Friday, 25 October 2013

Initial responses to comments so far on the long-range election forecasting post

Thanks for all the various comments on my initial post about long-range forecasting from historical polls and votes relationship

Here are some initial responses to comments and questions that have been made on Twitte and on the blog. I've grouped them according to theme and pasted them unedited. I haven't copied everything but I have tried to take examples of all points/queries. Sorry if I've inadvertently left something out but I haven't deliberately done so.

The response to the first set is an apology for something I should have sorted out and will try to resolve. The rest are attempts at explanation, clarification and hopefully helpful responses. Apart from the first three the topics are in no particular order.

Incompatible probabilities:
  • Pr(Lab majority) = 15% & Pr(Lab largest party) = 12% are not compatible.
  • How can Lab have a bigger chance of a majority than being the largest party?
Fair cop. These figures are logically incompatible. Clearly I need to revise the method to ensure these are fully consistent, and I will do. For computational reasons the method does not currently estimate a full uncertainty distribution over all possible seat outcomes which is necessary for guaranteed strictly consistent estimates. If you read the paper you'll see that, at present, the probabilities for Con majority, Lab majority and difference between Con and Lab are generated from three different assumed normal distributions from the prediction intervals (for Con seats, Lab seats and the difference respectively). These are not strictly defined to be fully compatible. Much of the time this shouldn't matter but did on in this situation and I should have at least flagged this up and discussed it or solved the problem before publishing. Sorry.

It might take a bit of time to resolve the problem but unlikely to make much different to the main story - that the probabilities for Labour largest or Labour majority are small.  Most likely direction of change with a different method is that the probability of Lab largest party will be revised up, but I would be surprised if it became more than 25%. 

All the probabilities come from approximate methods so best just look at them as rough estimates. 

Conflict of interest?
  • Someone got paid from CCHQ?
No - I'm not paid by any political party and have never made a political bet.
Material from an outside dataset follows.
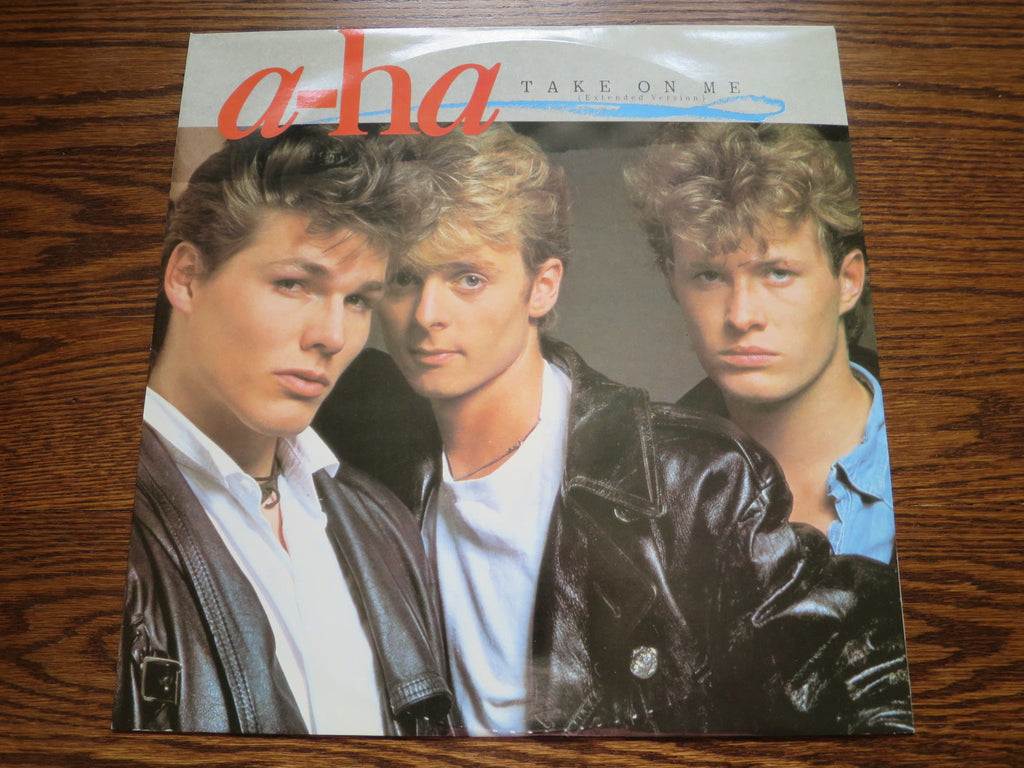 a-ha - Take On Me 12" - LP UK Vinyl Album Record Cover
No conflict of interest issues here at all.

What about UKIP?
  • Seems odd that there's no mention of UKIP. Not convinced this is best use of regression ever.
  • Does this include #UKIP causing Conservatives in marginal seats losing to Labour?
  • No Ukip MPs?
  • No serious prediction can be made without factoring in Ukip They will take Labour as well as Conservative votes
  • This model is flawed as it takes no account of UKIP's rise in popularity (even allowing for a possible tail off at the GE).
UKIP are factored in indirectly but as a young party we can't model their historical experience of polls and election results in the same way as for the main parties. UKIP current standing is reflected in the input share of the vote, which has the Others on 18. Predicted Other share in 2015 is 16.2, which you could say is likely to be mostly UKIP. Apart from Nationalists, the seats prediction assumes that the largest other party in any constituency will get the full amount of the predicted 2010-15 change in Other share. Despite this, UKIP are still not predicted to win any seats - they are just too far behind.

The model doesn't allow for UKIP to benefit disproportionately from any one party. I can see this is a concern but note that Rob Ford, Matthew Goodwin, myself and others have been pointing out that UKIP take votes from Labour as well as the Tories, so the differential impact on Tories may be much more muted than many assume. 
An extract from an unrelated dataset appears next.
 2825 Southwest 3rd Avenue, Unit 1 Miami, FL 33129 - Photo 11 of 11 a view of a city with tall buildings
Prediction is implausible?
  • Forgive my scepticism. No-one has polled over 40% in an election for 12 yrs, and the Tories haven't for 21.
  • those Con + Lab vote shares would be mirror of Blair vs Hague in 2001 
  • All 3 points seem logical and v probable.. but direction of travel seems too drastic to take seriously.
I agree that the prediction is remarkable, but think it is worth seeing what the data say. The patterns in previous cycles are surprisingly consistent. Paper discusses idea of weighting more recent elections more but that doesn't improve out-of-sample prediction substantially. I don't think it is a good idea to try to find the single previous election that seems to best characterise what you think is going on and rely on that. Better to pool information from a set of previous elections.
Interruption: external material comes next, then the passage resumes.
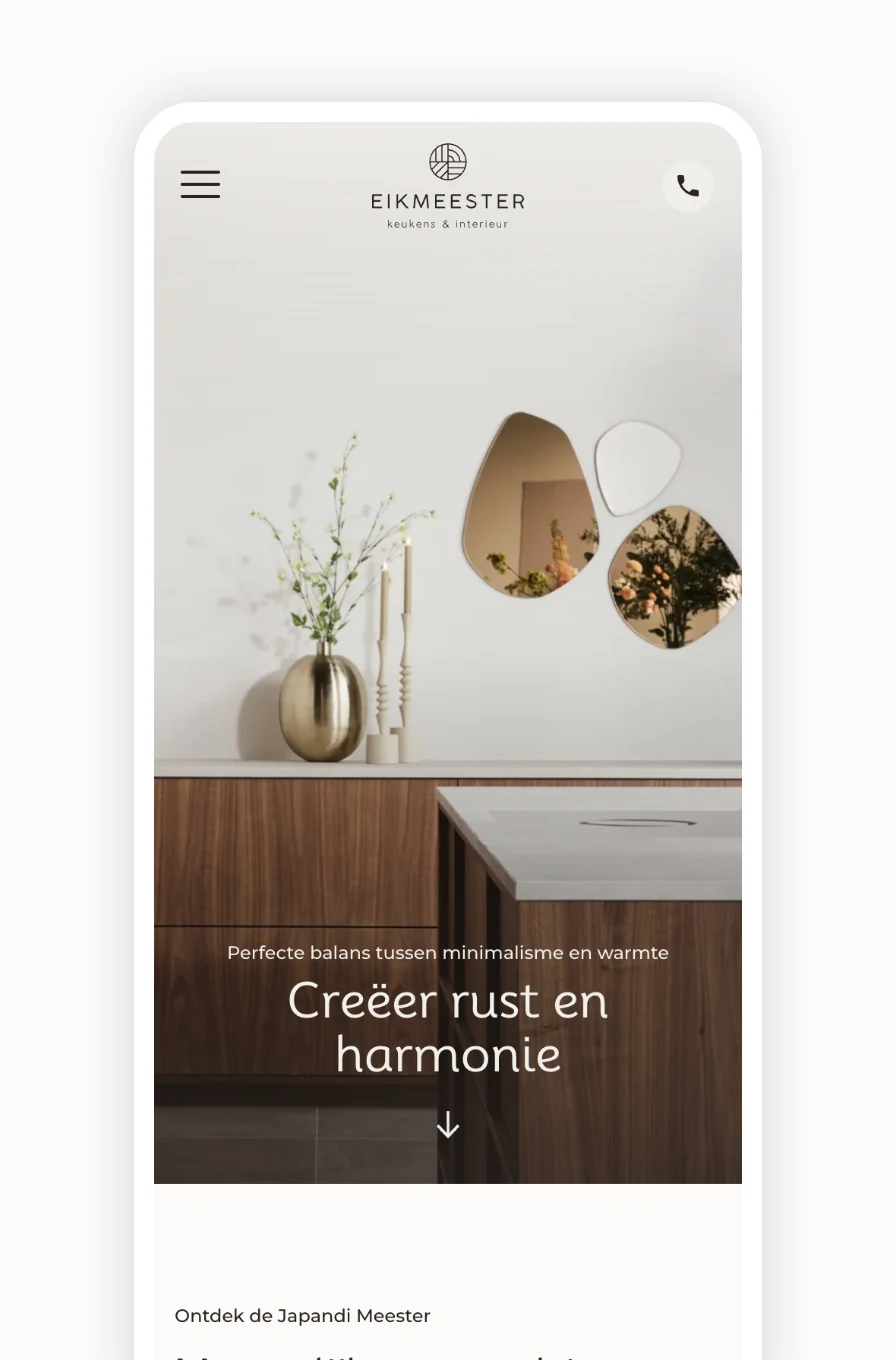 Eikmeester website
This time is different because of the coalition
  • History of Tory incumbency barely relevant because Coalition are incumbents not Tories.
  • Surely many historical precedents are not valid because we are in a unique situation - there will be no incumbent government defending its position. All parties will be campaigning on the basis of change.
  • Nor does it allow for the fact that a significant number of unhappy Lib-Dem voters will be registering their dis-satisfaction with the Coalition & voting Labour. As Mike Smithson says, this will be a unique election. Such generalised models based on previous voting patterns are, therefore, unlikely to be correct.
Maybe there are good reasons to believe that things are not likely to be so different. Research on coalition government electoral performance cross-nationally by myself and others suggests that the Tories are most likely to held responsible for government actions as the largest party in the coalition. So for want of a better reason to do differently I have effectively produced the forecast in the same way as if the Conservatives were in a single party government.  Equally I haven't taken any account of minority governments in the past. Too sporadic to model statistically.  The paper discusses how the coalition affect on Lib Dem and Labour support is factored in because it is already reflected in the polls.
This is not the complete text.